* _Available data_:
-- Opening Marker --

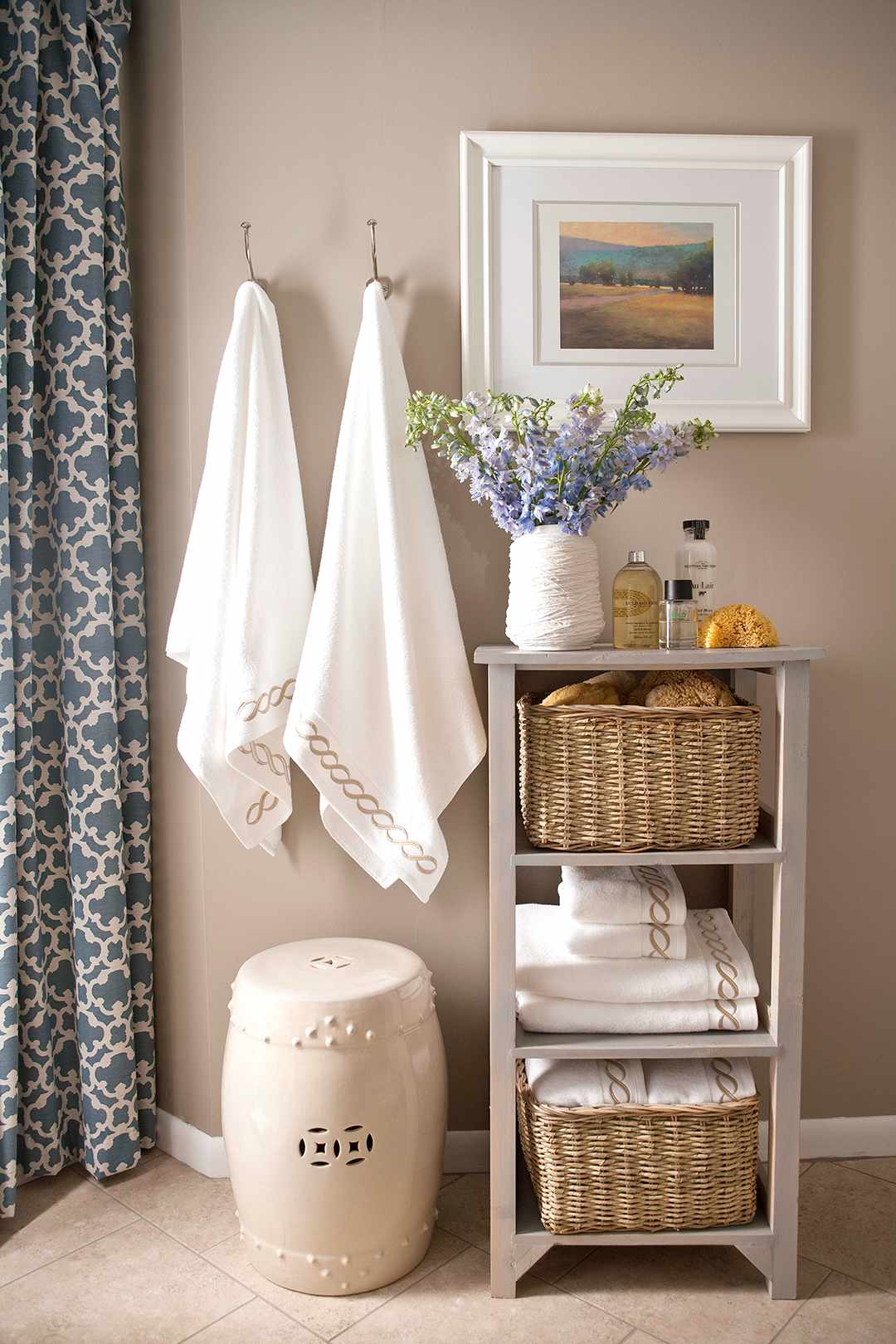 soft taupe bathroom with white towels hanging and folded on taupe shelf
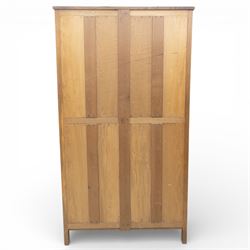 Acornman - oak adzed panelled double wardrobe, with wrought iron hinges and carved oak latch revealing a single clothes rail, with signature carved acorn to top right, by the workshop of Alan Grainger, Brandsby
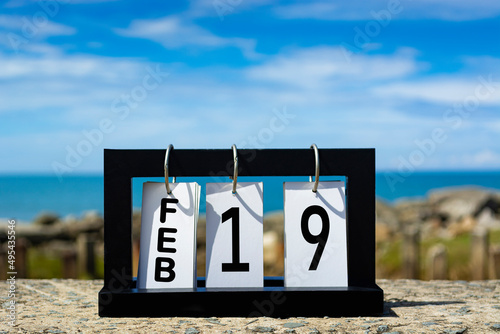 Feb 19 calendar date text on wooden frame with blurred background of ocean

-- Closing Marker --
-- Opening Marker --

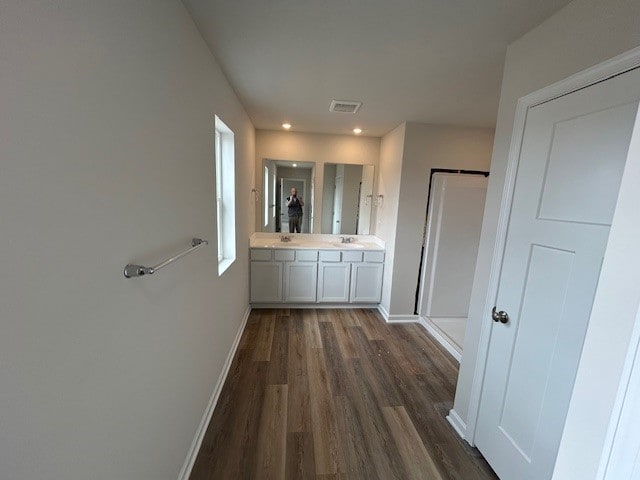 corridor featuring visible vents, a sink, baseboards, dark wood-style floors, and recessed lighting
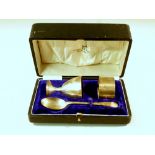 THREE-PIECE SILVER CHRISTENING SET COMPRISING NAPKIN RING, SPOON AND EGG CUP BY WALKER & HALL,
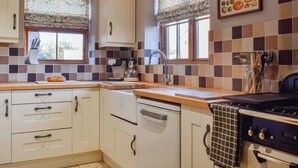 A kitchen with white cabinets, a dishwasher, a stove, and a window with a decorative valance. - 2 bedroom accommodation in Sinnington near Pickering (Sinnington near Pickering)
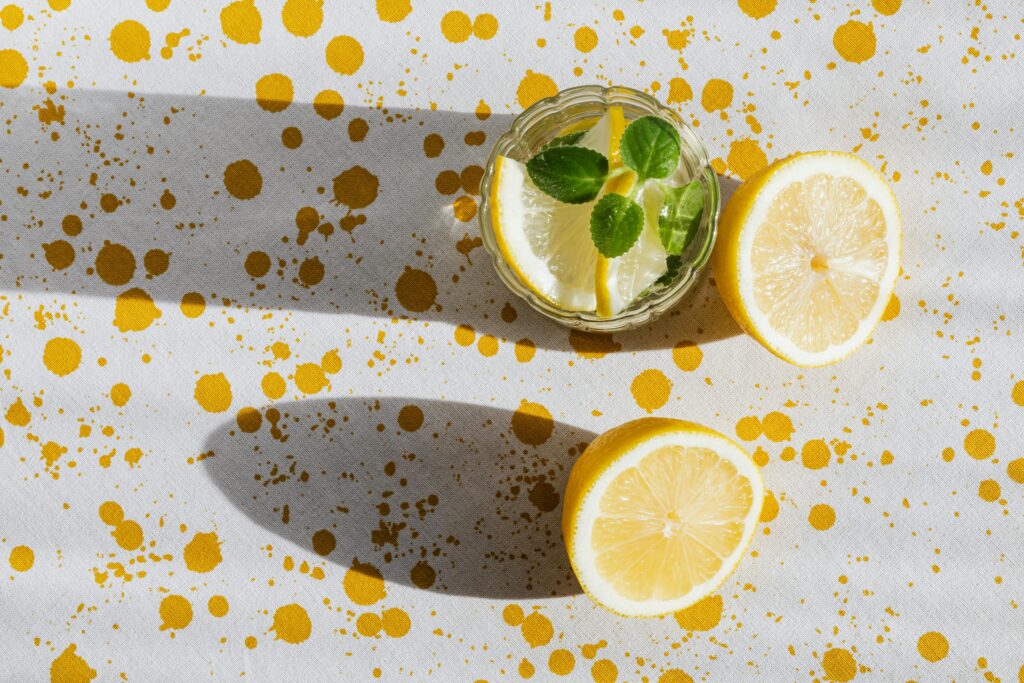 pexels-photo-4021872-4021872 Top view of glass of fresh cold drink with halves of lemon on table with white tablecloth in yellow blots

-- Closing Marker --
-- Opening Marker --

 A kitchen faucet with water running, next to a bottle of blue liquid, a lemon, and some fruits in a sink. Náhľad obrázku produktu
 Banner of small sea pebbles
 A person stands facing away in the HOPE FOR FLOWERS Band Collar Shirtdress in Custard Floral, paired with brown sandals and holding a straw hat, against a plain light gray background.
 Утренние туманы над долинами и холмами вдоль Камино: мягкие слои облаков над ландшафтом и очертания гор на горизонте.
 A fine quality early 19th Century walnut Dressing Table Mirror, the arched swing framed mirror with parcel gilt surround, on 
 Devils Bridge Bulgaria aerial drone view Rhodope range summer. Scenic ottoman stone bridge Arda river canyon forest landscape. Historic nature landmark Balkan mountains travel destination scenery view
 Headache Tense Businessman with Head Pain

-- Closing Marker --

* _Exercise instructions_: Repeat exactly, and only, the entries from the line with "Acornman - oak" through the line with "Feb 19 calendar". Pictures are skipped.

* _Completed exercise_:
 Acornman - oak adzed panelled double wardrobe, with wrought iron hinges and carved oak latch revealing a single clothes rail, with signature carved acorn to top right, by the workshop of Alan Grainger, Brandsby
 Feb 19 calendar date text on wooden frame with blurred background of ocean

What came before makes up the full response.